B. Selective Prosecution.

Chivers separately argues the Government prosecuted him based on his race and requests an evidentiary hearing to present evidence regarding that contention. Because the Court finds that Chivers has failed to establish a plausible claim that the Government pursued charges against Chivers for anything other than legitimate reasons, Chivers’ argument fails. No hearing is necessary.

"A selective-prosecution claim is not a defense on the merits to the criminal charge itself, but an independent assertion that the prosecutor has brought the charge for reasons forbidden by the Constitution." United States v. Armstrong , 517 U.S. 456, 463, 116 S.Ct. 1480, 134 L.Ed.2d 687 (1996). Those prohibited reasons include race, religion, or the desire to prevent the defendant from exercising his constitutional rights. United States v. Edwards , 783 F. App'x 540, 546 (6th Cir. 2019).

The Sixth Circuit has two tests for selective prosecution. The first is a somewhat lower threshold that a defendant must clear to obtain an evidentiary hearing. The second is the more stringent standard a defendant must meet in order to succeed on the actual claim. Chivers fails to meet either.

1. Chivers Has Not Shown He Is Entitled To An Evidentiary Hearing.

To be entitled to an evidentiary hearing, a defendant must make a prima facie showing that: (1) he was singled out for prosecution while others similarly situated have not been prosecuted for the same type of conduct, and (2) the government discriminatorily selected him in bad faith (i.e. based on an impermissible reason like race or religion). United States v. Bustamante , 805 F.2d 201, 202 (6th Cir. 1986). A court should only hold an evidentiary hearing when the defendant has proven a "colorable entitlement" to dismissal for selective prosecution. Id.

Chivers fails to meet the first prong—that he was singled out when other similarly situated individuals were not prosecuted for the same conduct. The sole argument that Chivers presses in this regard is that he was "similarly situated" to one of the other two passengers in the vehicle (Lee), who was also a felon, but that Chivers was "singled out" for prosecution because he is African-American, while Lee is Caucasian.

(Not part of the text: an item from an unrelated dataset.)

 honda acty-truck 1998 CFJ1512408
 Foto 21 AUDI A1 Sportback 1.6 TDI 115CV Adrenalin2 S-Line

On the evidence here, though, Chivers and Lee were not "similarly situated." The Government had significant evidence to tie Chivers to the firearm when the Government indicted him: (1) Chivers drove the vehicle where officers found the firearm; (2) Chivers told the arresting officers that his name was on the vehicle's rental agreement; (3) Chivers indicated that he had knowledge that the firearm was in the vehicle; (4) Chivers discussed with Lee and Denny while sitting in the police cruiser the likely consequences for him of law enforcement finding the firearm; (5) Lee and Denny denied owning the firearm; (6) Lee told law enforcement that Chivers made a statement indicating that Chivers would not let others take the blame for a firearm charge that was rightfully attributed to Chivers; (7) Faulkner identified the Hi-Point firearm as the same one she purchased for Chivers; (8) another witness saw Chivers at Faulkner's residence with a pistol that the witness knew Faulkner had purchased for Chivers; (9) Faulkner gave law enforcement a letter that Chivers wrote to her urging her to tell law enforcement she owned the Hi-Point pistol; (10) Coleman knew that Faulkner had purchased a firearm for Chivers; and (11) law enforcement discovered Chivers wears a size-fourteen shoe (and law enforcement found the Hi-Point firearm inside a size-fourteen shoe in the rental vehicle). (U.S. Memo. in Supp. at #139–40).

Rental car records Chivers produced in discovery indicated that the rental vehicle was rented in Diana Coleman's name, but Chivers was an authorized driver. (U.S. Memo. in Supp. at #128 n.2).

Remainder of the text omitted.